Alternatively, as seen in FIG. 8B, a flowchart detailing the method 801 for lowering the dozer blade attachment 107 with the re-assignable system 201 for a compact track loader when using the updated configuration 302 is shown. In step 810, the method 801 includes determining the boom assembly 170 position. If the boom assembly 170 is resting on the stops in step 870 (i.e. mechanically resting on stops or already at the lower limit calibration point), the controller 240 actuates the pitch hydraulic cylinders 205 in step 895 to position the dozer blade attachment 107. However, if the controller 240 determines the boom assembly 170 is not engaged with the stops as seen in step 880, the method 801 proceeds to actuate the boom hydraulic cylinders 200 to lower the dozer blade attachment 107 in step 890, and before actuating the pitch hydraulic cylinders 205 to position the dozer blade attachment 107 in step 895. There may be some overlap in the transition from actuation of one hydraulic cylinder to another.

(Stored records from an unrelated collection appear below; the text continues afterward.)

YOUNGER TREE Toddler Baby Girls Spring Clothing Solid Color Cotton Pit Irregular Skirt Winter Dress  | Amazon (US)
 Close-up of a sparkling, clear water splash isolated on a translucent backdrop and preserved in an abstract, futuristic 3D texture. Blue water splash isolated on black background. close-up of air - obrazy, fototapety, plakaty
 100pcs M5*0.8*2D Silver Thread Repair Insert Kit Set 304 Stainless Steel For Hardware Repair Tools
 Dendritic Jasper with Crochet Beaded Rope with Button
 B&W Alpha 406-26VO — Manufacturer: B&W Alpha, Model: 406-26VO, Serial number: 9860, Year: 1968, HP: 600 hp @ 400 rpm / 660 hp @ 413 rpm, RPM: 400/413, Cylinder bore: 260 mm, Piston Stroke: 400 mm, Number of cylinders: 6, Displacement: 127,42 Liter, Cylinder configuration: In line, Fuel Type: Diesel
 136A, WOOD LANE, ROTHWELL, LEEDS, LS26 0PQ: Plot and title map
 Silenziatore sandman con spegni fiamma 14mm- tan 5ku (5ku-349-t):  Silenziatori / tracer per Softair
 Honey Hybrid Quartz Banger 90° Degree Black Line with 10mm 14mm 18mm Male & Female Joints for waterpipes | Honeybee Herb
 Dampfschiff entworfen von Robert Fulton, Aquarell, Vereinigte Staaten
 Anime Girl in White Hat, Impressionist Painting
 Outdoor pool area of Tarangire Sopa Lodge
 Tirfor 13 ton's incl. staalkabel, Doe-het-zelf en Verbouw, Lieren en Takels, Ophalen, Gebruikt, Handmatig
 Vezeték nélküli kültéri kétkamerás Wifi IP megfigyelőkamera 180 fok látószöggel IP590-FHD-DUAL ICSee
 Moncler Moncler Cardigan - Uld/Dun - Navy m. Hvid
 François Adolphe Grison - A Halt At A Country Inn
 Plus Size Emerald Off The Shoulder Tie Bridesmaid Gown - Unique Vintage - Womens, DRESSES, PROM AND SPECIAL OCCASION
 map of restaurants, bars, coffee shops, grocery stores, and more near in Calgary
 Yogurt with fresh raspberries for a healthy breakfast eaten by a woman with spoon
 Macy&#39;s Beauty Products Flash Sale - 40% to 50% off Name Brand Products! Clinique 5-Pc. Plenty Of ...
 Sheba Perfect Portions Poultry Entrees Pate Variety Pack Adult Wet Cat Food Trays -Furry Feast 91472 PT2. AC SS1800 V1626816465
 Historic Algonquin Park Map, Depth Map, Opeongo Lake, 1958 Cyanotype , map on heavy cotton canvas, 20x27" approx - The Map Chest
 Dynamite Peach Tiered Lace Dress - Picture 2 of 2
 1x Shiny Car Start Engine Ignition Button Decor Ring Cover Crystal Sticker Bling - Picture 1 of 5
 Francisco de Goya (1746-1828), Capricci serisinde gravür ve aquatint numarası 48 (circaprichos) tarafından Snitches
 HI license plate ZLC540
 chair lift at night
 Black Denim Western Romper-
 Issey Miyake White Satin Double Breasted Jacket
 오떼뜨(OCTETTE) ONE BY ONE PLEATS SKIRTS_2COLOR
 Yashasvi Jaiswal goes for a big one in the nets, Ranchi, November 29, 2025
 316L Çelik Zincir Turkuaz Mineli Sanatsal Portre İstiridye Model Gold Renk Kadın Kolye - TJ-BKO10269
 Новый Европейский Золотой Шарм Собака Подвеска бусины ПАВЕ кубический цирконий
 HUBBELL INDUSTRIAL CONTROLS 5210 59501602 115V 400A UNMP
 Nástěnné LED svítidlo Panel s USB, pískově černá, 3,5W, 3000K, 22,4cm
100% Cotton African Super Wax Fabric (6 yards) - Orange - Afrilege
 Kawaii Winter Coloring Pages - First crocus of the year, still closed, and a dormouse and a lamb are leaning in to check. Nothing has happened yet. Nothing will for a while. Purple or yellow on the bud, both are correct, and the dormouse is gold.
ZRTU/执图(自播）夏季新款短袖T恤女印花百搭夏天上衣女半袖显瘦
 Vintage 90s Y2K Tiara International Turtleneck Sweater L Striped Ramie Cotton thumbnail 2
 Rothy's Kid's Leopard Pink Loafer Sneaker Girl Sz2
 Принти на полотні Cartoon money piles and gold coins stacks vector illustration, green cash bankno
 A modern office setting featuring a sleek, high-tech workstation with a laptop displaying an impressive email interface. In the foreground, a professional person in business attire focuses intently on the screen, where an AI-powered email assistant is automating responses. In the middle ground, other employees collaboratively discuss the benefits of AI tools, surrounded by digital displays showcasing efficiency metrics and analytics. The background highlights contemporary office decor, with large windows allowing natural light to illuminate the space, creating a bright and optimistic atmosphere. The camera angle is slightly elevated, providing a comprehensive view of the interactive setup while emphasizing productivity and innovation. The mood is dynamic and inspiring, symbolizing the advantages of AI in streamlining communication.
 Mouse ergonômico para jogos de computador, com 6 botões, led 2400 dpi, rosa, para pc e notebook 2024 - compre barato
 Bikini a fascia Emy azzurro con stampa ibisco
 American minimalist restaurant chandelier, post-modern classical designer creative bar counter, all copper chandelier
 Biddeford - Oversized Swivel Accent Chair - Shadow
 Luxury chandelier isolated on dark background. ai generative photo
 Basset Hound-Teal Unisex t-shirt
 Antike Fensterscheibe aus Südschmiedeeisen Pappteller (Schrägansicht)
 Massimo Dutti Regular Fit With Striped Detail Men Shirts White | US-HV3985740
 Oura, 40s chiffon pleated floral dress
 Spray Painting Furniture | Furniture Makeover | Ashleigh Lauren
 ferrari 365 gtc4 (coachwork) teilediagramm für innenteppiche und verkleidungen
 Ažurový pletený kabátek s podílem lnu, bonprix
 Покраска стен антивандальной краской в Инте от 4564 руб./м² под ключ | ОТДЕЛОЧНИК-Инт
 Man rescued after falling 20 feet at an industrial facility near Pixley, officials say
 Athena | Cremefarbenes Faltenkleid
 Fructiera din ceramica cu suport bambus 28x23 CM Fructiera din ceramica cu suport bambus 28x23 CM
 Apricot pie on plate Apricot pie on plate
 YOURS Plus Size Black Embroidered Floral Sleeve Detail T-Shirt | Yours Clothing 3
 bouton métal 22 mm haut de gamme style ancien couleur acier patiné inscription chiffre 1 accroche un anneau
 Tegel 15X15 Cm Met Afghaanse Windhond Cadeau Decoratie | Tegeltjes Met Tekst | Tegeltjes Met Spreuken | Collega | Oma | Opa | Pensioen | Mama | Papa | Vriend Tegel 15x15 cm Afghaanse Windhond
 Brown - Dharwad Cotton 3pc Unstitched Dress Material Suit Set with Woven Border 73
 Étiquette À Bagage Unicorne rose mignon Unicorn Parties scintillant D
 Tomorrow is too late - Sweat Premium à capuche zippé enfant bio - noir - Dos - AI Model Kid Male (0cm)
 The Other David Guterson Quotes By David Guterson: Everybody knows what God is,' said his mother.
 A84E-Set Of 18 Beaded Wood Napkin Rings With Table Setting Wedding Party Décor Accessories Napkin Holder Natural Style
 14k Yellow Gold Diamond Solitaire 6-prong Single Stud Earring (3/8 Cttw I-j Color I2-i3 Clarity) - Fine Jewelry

FIG. 9A is a flowchart detailing the method 900 for raising the box blade attachment 505 with the re-assignable system 201 for a compact track loader when using the updated configuration 302. The method 900 includes identifying the attachment 105 type as a box blade attachment 505 coupled to the work machine 100. The method 900 includes enabling an operator to command movement of the box blade attachment 505 using a user input interface 245 in the updated configuration 302 to raise the box blade attachment 505 (seen in FIG. 4, step 430). In step 910, the method includes determining the boom assembly 170 position. If the boom assembly 170 is resting on the stops (or the lower limit calibration point) in step 920, the controller 240 checks the position of the box blade portion of the box blade attachment 505 in step 940. In step 950, if it is determined if the box blade 505 is already at a maximum height (i.e. lifted to its maximum height using the attachment-based lift cylinders 510), the method 900 proceeds with checking the pitch hydraulic cylinders 205 to see if positioned at a maximum curl. If this is determined to be false, the controller proceeds with actuating the pitch hydraulic cylinders 205 to maximum curl at step 980 to ensure the wheels of the box blade attachment 505 disengage from the ground surface 135. Once in a max curl position, and since both the attachment-based wheels 530 and the box blade attachment itself are now disengaged from the ground surface 135, the method 901 proceeds to step 990 to actuate the boom hydraulic cylinder 200 to continue raising the box blade attachment 505. Alternatively and returning to step 910, if the controller 240 determines the boom assembly 170 is not engaged with the stops in step 930 or at the lower limit calibration point, the method 901 proceeds directly to actuating the boom hydraulic cylinders 200 as shown in step 990. Note, the pitch hydraulic cylinders 205 actuate to lift attachment-based wheels 530 off the ground surface 135 only after the attachment based lift cylinders 510 have reached a calibrated or predetermined maximum height. If the boom assembly 170 is disengaged from stops, the pitch hydraulic cylinders 205 and the attachment-based lift cylinders 510 have already moved into position (i.e. disengaged both the box portion and the wheels 530 of the box blade attachment 505 from the ground surface).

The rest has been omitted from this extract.